The term "formal action" appears to encompass any official act which a public body might accomplish. The actions enumerated in the statute -- i.e., "adoption of any policy, position, resolution, rule, regulation" -- are only examples of "formal action." (Thus, an official action not listed in the statute would still trigger the recording requirement.)

Therefore, if the local public body intends to adopt a formal action, or wishes to retain the authority to adopt such an action, it must record minutes. Conversely, if the local public body announces (in an agenda or during a prior public meeting) that no formal action will be taken, then minutes are not required.
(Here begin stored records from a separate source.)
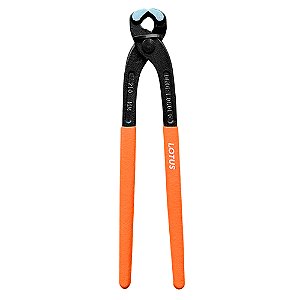 Alicate Torques Tipo Armador 10'' Lotus 3933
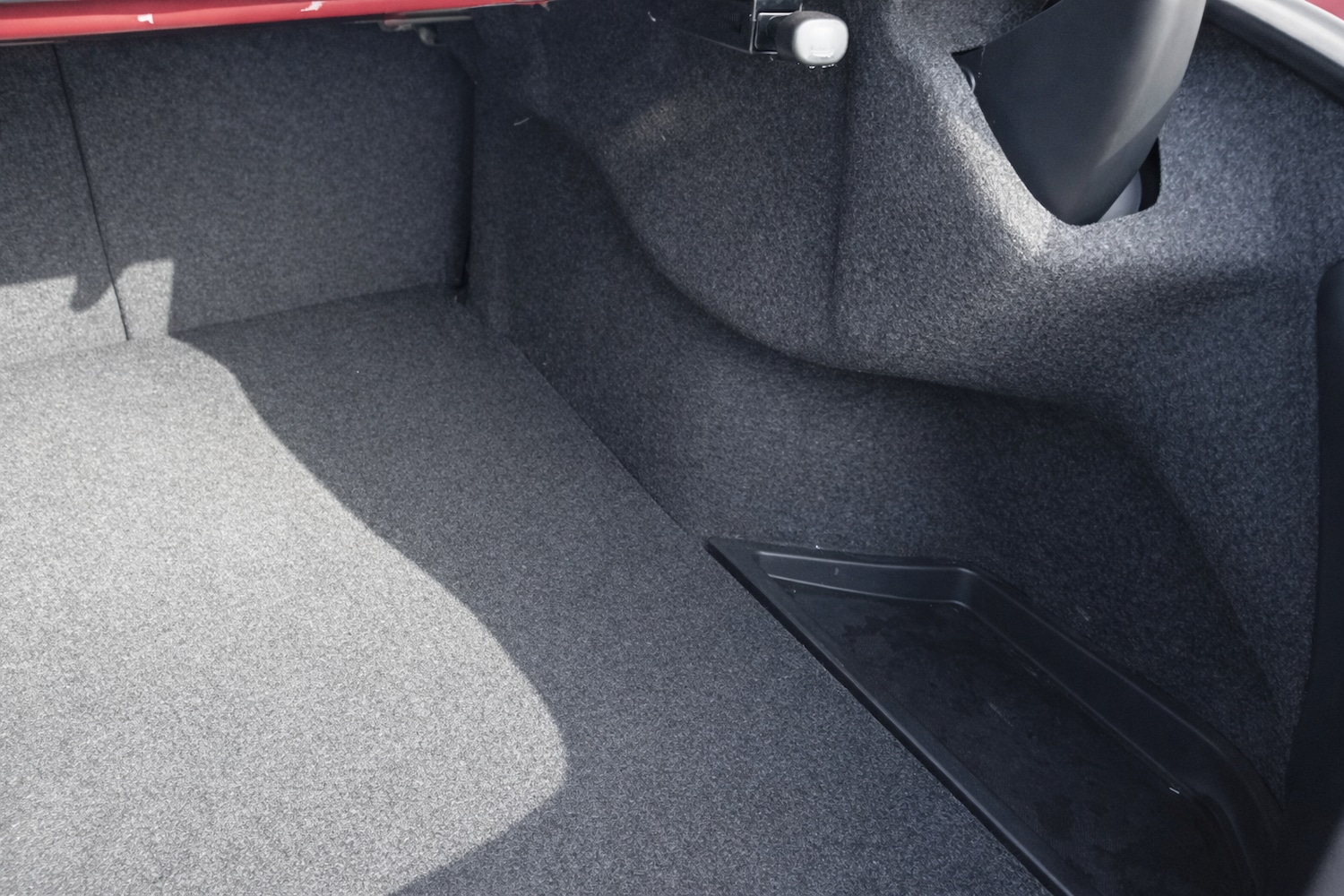 Used Mazda Mazda6 2015 for sale - 77932909: Photo 13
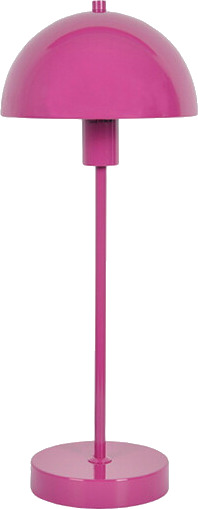 Herstal Bordlampe Vienda 1576777-10-0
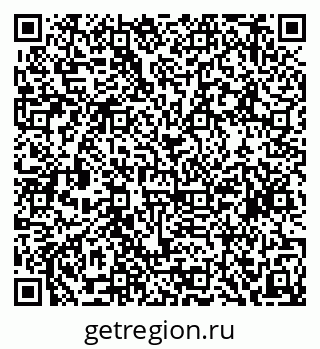 79634963327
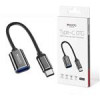 قیمت مبدل Type-C به USB OTG یسیدو مدل GS01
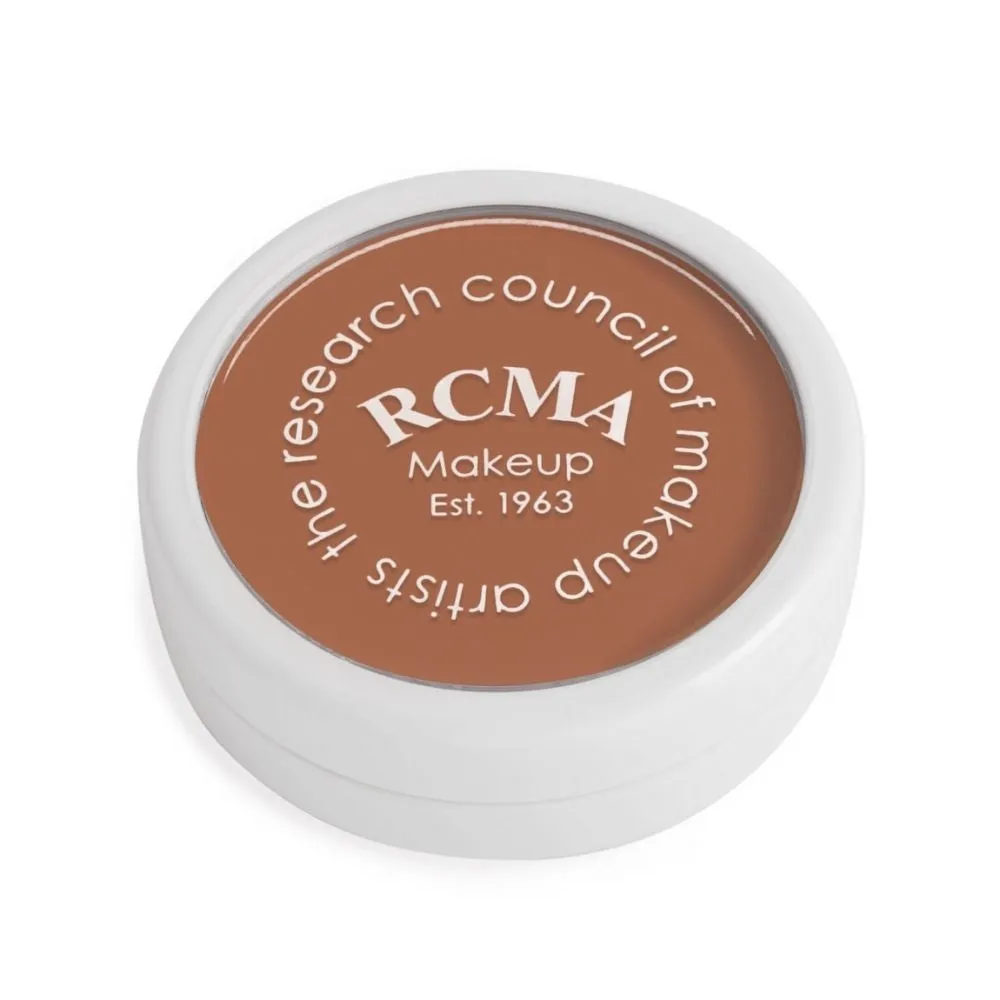 RCMA CPF 1/2oz KT-4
Statutory requirements aside, however, it is clear that minutes should be taken whenever feasible. They are the chief means by which most citizens can ascertain the activities of local public bodies. They provide insight into the intent behind particular situations, and they provide invaluable assistance in helping successors and the courts implement the policy and intentions of the public entities. Without minutes, significant historical gaps are likely to occur.

     2. The form of the minutes is left to the reasonable discretion of the local public body. To the extent practicable, written minutes should be used. Christiansen v. Harris, 163 P.2d 314, 317 (Utah 1945). However, tape recordings have been deemed acceptable. Cf. Harris v. Nordquist, 771 P.2d 637, 641 (Or. App. 1989). A verbatim transcription is not required, particularly when the local public body does not have the fiscal resources to provide a verbatim transcription. School District No. 9 v. District Boundary Board, 351 P.2d 106, 113 (Wyo. 1960). However, any summaries must be sufficiently detailed to allow the public to discern the body's activities. Howard v. Lindmer, 214 P.2d 737, 742 (Wyo. 1950).

     3. Generally, clerks or secretaries of the local public bodies take and record minutes. Cf. Section 30-10-319, C.R.S. (1986). However, if the clerk or secretary is unavailable, other designated officials or employees of the local public body have inherent authority to record the proceedings. Board of County Commissioners v. Hatfield, 39 Colo. App. 548, 551-52, 570 P.2d 1091, 1093 (1977).

 

SUMMARY

Minutes of any meeting of a local public body at which formal action may occur must be taken and recorded. The method by which they are taken may vary; however, the minutes must accurately reflect the activities of the meeting.

 

 

 

Gale A. Norton
Attorney General

 

 

 

Maurice Knaizer Deputy Attorney General

 

 

 

OPEN MEETINGS
COUNTIES
PUBLIC INFORMATION

Section 24-6-402, C.R.S. (1991 Supp.)

SENATE

Minutes of any meeting of a local public body at which formal action may occur must be taken and promptly recorded. The method by which they are taken may vary; however, the minutes must accurately reflect the activities of the meeting.